You are probably wondering what Rudolph the Red-Nosed Reindeer has to do with econometrics. Of course, there are a lot of "R"s in his name, but I prefer Stata. So, that's not it. No, I was thinking about poor Rudolph because no one wanted to play any reindeer games with him. In applied econometric research, there are lots of things we could be playing with, but refuse. And, like Rudolph, I do not understand why.
The things I am referring to are model specification tests. This is by no means an area in which I am expert. But there are two simple specification tests that are applicable to probably the vast majority of empirical (micro) research, yet virtually never make an appearance. Like Rudolph, they get left out of all the fun games researchers play with data. Or, like unwanted play things, these tests have seemingly been banished, like those banished to the Island of Mis-Fit Toys.
What tests am I referring to specifically?
The first is Ramsey's (1969) RESET test. RESET stands for Regression Equation Specification Error Test. It is sometimes interpreted as a general test of model specification in a linear regression model. More specifically, it is a test of neglected nonlinearities of the included covariates in the model.
The test is straightforward:
1. Estimate your proposed linear regression model (typically OLS).
2. Form fitted values of the outcome, y-hat.
3. Estimate your proposed linear regression model, augmenting the set of covariates to include y-hat^2, y-hat^3, etc. (typically OLS).
4. Conduct a joint test of the statistical significance of the coefficients on the higher order terms of the fitted values.
There is no firm rule on how many higher order terms to include. The default in Stata is to include 3 terms.
If one rejects the null of zero coefficients, then this suggests you have omitted some important higher order terms of the original covariates, x, or interaction terms between the x's. This is because the higher order fitted values are just (x*beta-hat)^2, (x*beta-hat)^3, etc. and so are functions of higher order terms and interactions involving the x's.
Simple to do, yet the test gets at the fundamental assumption in any (parametric) linear regression model: functional form.

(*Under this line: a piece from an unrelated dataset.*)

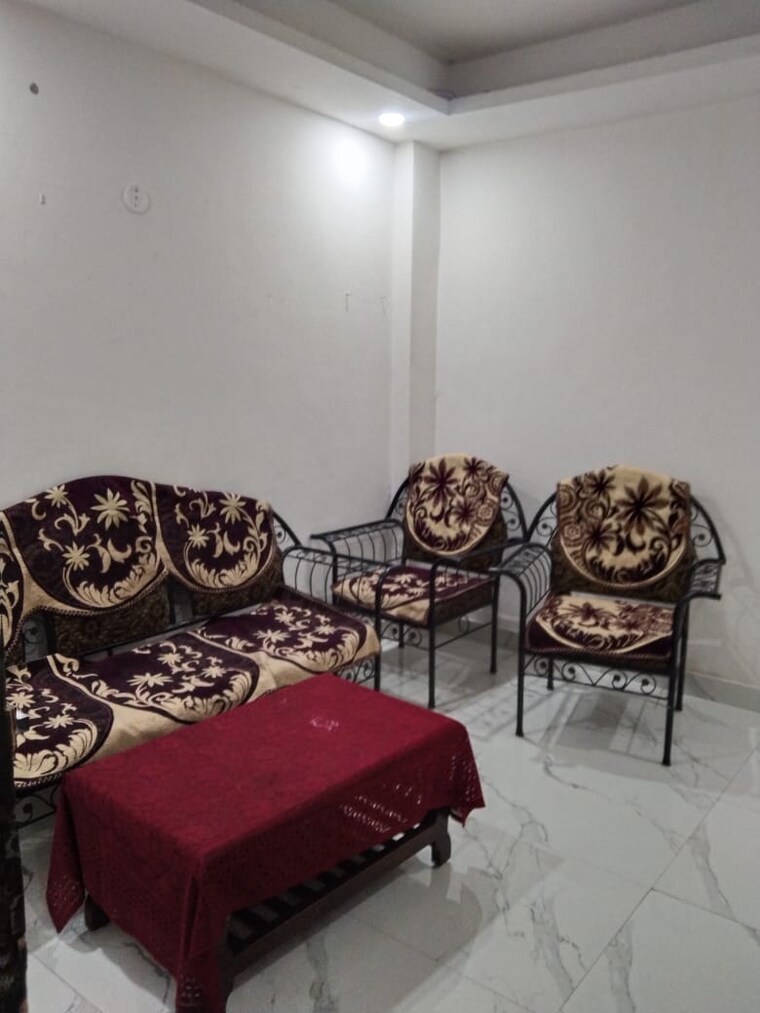 Living Room, saket 1 Bedroom 450 Sq.Ft. Builder Floor In Saket Delhi 9293138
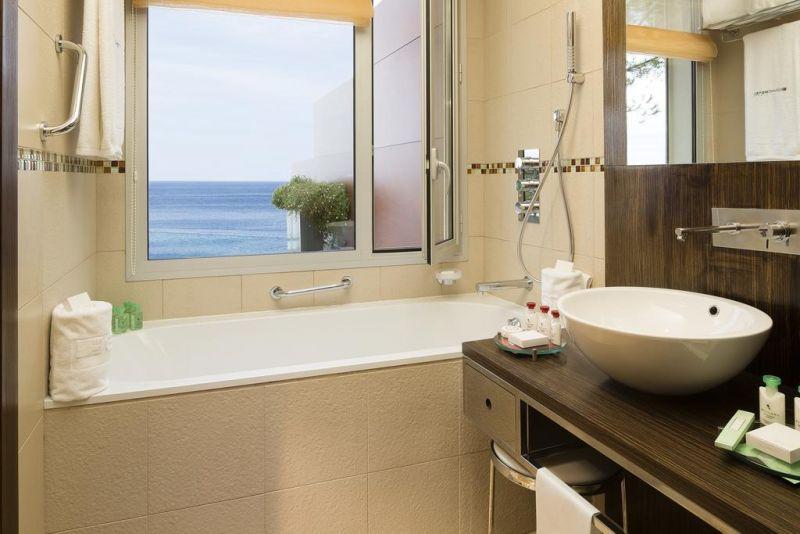 Grand Hotel Cannes 4*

And, despite never knowing the correct functional form, Ramsey (1969) has fewer than 3400 citations on Google Scholar. Plus, it was a chapter of his dissertation!

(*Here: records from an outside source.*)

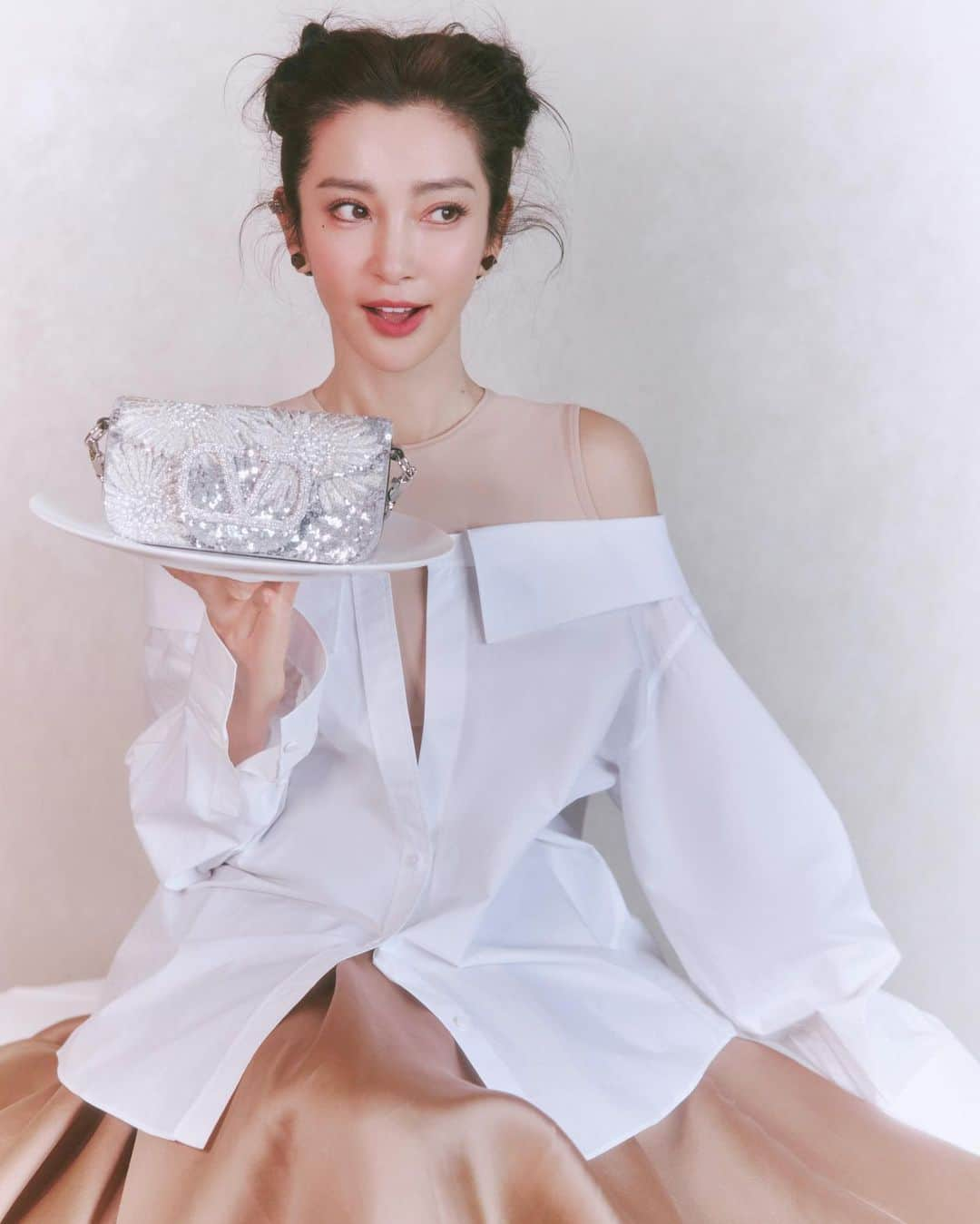 リー・ビンビン（Li Bingbing）さんのインスタグラム写真 - (リー・ビンビン（Li Bingbing）Instagram)「Minimal but unlimited.  @maisonvalentino @wmagchina  #UnboxingValentino」3月16日 0時09分 - libingbing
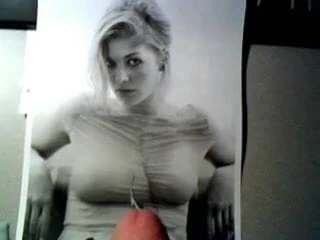 Cum haraç için rosamund pike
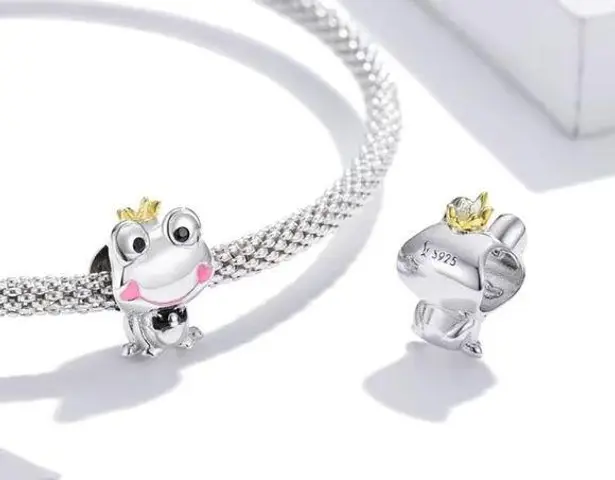 S925 Sterling Silver Gentle Frog Charm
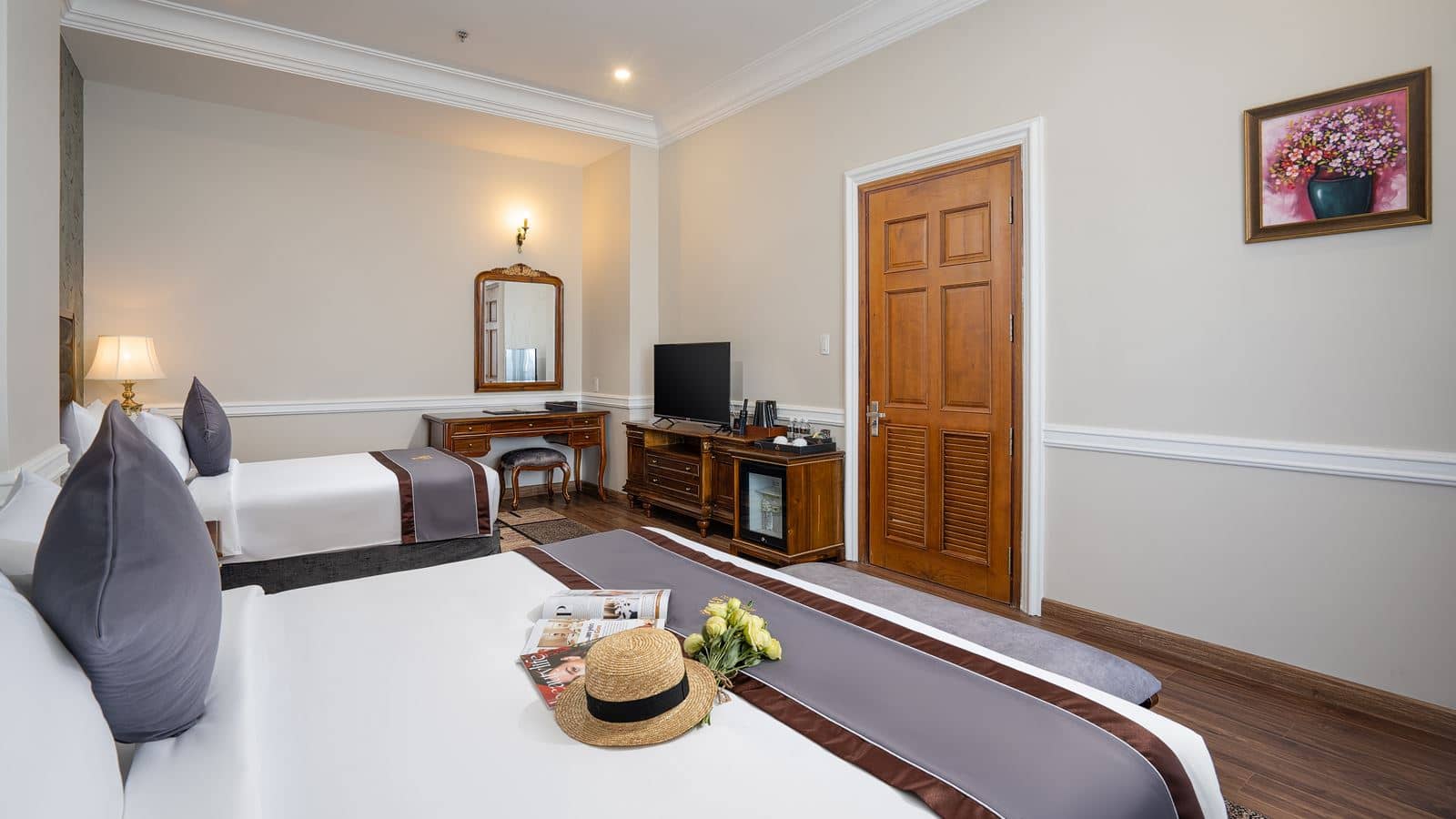 rooms-avs-junior-suite-with-balcony
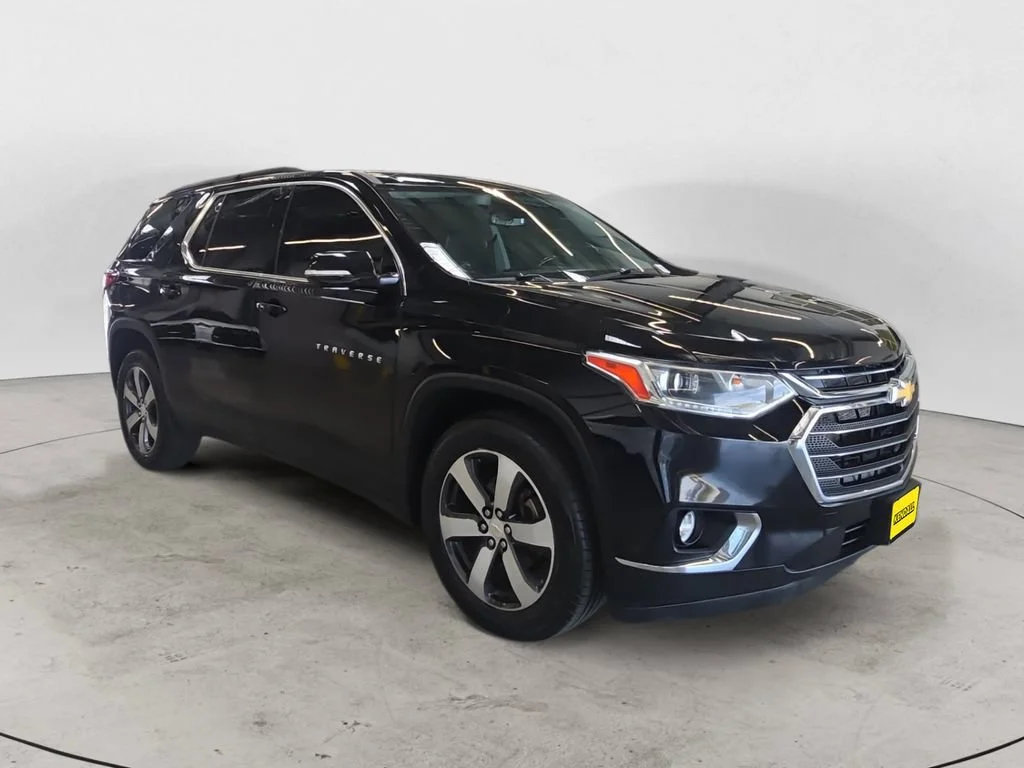 Used 2020 MOSAIC BLACK METALLIC Chevrolet LT Leather image 3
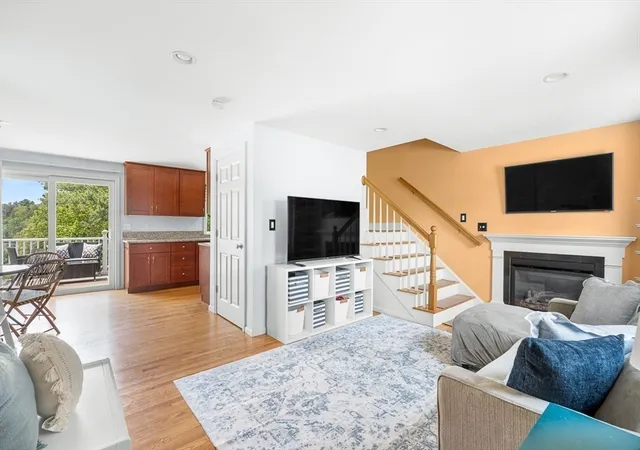 3rd image of 25 Gordon Rd, Lynn, MA 01904 | MLS# 73543740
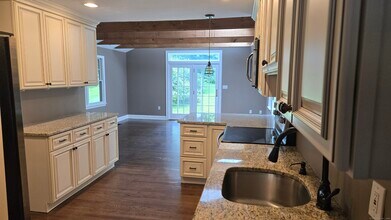 337 Wheeler Rd in Monroe, CT - Building Photo - Building Photo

The test is not perfect, I am sure. It is non-constructive in that it does not point to a precisely specified 'true' model if the null is rejected. It may lack some power. But, that just means that failure to reject the null should not be interpreted as evidence that your functional form is correct. Rejection still conveys a lot of useful information.
The second test I am referring to is a test of the strict exogeneity assumption required in fixed (and random) effects panel data models. If you use such models and are not familiar with this assumption, then you should definitely check out this post. It is a very strong assumption and it probably does not hold more often than researchers care to admit.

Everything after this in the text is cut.